What happens when you give bubble gum chewing airheads some expensive film, three meters of cloth and a history textbook? Well you get Ashoka - oh no, pardon me all over the place, Asoka!
A film made by scheming warlocks on a moonless night, Asoka seems to have thrown
in some fancy-schmancy visual work, midriff baring bimbettes, a hero who seems
to be a cross between Rambo and the Planet Of The Apes, and a certain Anu Malik
who has a certain penchant for cacophony, all into the same cauldron, and let
them simmer gratefully on a low flame. And when the Kalinga war begins to put
up a stink, you know that the warlocks will drain SRK as Asoka from out of the
cauldron and then hang him on a Buddhist clothesline to drip-dry.
This, my simple-minded friends, is Asoka all simplified and spelt out for you,
so that you don't waste a good weekend watching some testosterone driven male
going on a killing spree that would put Jack The Ripper to shame.
Asoka was supposed to be the King Khan's dream film. Yeah. And going by the flick, you just begin to worry about his taste if nothing else. Santosh Sivan's flick makes a feeble apology right at the beginning that it doesn't attempt to trace the exact history of Asoka. I'm mighty glad they cleared the air on that one... going by the flick alone I would be led to believe that Hemant Trivedi still had a boutique in 267BC.
The film traces the story of King Asoka (SRK) as he makes his journey through life. Young Asoka (played by Neanderthal man SRK) is moving at mach 5 towards the throne of his kingdom. But there is a bug on the windshield in the form of his evil stepbrother Susiman (Ajit Kumar). Fearing for her son's life, Asoka's mother Dharma tells him to take a hike in to the woods and stay put till danger disappears. So Asoka buzzes off.
SRK's voyeuristic instincts get ample mileage when he sees young white whale Kareena
prancing around as usual in her boob tube. He does a couple of flips, and soon
Cupid strikes a cacophonous chord. Take a bow, Anu Malik. With this begins a love
story of the blue bloods - Kareena is Karubaki, the princess of Magadh, on the
run with her little brother Aryan - hello?? - and a Senapati Bheem (Rahul Dev).

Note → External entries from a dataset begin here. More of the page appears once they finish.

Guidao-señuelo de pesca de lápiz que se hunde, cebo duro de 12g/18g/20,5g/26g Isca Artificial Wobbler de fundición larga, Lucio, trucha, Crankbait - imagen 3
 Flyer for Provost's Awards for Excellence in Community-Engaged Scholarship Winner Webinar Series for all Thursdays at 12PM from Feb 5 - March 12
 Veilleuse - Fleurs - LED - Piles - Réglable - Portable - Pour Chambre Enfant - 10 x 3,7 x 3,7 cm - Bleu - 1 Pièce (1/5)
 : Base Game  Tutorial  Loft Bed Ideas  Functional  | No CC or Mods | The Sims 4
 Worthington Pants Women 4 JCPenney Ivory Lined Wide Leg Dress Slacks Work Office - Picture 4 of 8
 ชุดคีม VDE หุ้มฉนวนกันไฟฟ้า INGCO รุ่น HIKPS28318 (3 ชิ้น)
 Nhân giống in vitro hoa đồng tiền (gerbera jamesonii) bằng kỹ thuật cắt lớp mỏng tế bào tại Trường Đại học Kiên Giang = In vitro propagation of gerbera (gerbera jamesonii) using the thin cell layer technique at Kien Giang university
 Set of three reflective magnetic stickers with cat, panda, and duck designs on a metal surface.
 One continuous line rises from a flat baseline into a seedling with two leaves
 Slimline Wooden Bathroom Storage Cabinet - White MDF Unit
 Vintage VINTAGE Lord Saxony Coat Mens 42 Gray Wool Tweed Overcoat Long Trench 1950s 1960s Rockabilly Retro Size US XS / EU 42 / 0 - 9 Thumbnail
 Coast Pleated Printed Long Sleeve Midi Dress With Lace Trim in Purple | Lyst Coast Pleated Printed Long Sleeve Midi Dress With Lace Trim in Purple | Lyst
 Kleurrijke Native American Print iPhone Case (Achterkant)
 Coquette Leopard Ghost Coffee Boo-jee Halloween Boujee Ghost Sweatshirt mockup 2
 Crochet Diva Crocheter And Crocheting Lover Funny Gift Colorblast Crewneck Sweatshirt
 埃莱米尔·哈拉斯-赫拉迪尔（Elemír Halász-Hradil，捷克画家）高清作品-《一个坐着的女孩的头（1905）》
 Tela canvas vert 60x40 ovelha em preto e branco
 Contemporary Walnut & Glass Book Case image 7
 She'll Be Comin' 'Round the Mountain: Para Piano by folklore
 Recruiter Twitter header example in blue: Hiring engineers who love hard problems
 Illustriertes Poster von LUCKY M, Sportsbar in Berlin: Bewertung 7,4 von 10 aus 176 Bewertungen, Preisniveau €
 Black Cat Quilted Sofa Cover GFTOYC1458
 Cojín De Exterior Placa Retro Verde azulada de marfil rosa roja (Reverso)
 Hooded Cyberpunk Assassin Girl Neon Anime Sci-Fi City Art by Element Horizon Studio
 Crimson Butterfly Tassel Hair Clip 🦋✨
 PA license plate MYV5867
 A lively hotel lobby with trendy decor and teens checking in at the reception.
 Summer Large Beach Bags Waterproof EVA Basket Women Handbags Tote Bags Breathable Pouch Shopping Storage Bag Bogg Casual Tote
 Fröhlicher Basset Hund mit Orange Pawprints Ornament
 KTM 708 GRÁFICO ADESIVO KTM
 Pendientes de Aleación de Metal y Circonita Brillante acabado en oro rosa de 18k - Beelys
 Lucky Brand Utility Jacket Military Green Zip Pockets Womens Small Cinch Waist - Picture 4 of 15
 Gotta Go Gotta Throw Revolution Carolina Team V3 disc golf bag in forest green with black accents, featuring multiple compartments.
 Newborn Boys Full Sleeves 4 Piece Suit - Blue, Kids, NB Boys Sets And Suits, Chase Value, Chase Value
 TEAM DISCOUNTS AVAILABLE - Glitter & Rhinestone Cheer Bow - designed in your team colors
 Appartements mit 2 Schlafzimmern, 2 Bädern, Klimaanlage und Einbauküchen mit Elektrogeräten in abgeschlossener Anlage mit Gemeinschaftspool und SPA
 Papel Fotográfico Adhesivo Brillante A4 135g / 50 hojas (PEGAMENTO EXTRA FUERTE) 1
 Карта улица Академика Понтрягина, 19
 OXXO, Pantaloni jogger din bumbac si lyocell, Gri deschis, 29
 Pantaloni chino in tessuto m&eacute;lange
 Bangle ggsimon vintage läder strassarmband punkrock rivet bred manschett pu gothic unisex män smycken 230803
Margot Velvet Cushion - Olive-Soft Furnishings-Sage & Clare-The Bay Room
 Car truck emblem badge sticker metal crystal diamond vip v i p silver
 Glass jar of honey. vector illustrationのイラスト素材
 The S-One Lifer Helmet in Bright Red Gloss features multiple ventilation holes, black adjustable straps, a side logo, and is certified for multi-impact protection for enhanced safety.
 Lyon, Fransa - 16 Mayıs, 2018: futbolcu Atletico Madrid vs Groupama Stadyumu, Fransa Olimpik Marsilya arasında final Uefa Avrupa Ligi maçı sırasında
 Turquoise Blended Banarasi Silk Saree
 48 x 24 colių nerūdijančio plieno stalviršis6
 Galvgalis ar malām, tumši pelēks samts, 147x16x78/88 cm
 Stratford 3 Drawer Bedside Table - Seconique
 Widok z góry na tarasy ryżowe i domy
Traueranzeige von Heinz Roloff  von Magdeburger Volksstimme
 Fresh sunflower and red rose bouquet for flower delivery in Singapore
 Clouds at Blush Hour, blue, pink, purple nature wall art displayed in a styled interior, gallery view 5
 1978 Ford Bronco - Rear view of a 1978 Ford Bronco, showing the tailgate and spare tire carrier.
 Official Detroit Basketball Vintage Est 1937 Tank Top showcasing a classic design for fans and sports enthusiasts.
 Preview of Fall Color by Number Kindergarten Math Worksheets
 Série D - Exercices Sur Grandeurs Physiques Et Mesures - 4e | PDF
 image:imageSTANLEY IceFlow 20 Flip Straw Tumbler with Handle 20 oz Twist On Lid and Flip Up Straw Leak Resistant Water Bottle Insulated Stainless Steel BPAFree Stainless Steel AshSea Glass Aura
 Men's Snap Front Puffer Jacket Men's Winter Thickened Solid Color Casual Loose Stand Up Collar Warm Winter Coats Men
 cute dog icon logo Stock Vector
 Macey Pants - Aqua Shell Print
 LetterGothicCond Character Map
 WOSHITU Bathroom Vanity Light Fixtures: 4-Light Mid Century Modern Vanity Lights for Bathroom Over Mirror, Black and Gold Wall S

But neither SRK nor KK knows of each other's lineage.
SRK soon leaves as his mom falls ill and life takes a different turn altogether. And this is also when I think the grass kicked in, as you are subject to stuff you don't want to bother to believe.
Asoka is a tale, like I said, made by bubblegum chewing teenagers, for a strictly
angrez audience whose IQs are below the per capita income of Ethiopia.
It tries to tell a tale differently and succeeds in a meek manner, but the film
doesn't try to give it a smidgen of credibility in the form of language, costumes,
music and the like.
SRK dominates totally with some intense teeth baring, gnashing and grating, and
that's about it. And why is Kareena spelt in the credits as Karreina? Gosh, it's
easier to spell Encyclopaedia Galactica backwards. She does her bit anyways, flashing
around the screen. SRK and KK have as much chemistry as pizza and sambar.
If you want to watch the film, you might just want to pay attention to the direction,
since Sivan has done a good job with some neat scenes. But apart from that there
isn't much to write home about. The whole film is weird, and make sure you've
your insurance policy in triplicate before entering the hall. Cheerio and good
luck interpreting your slice of history.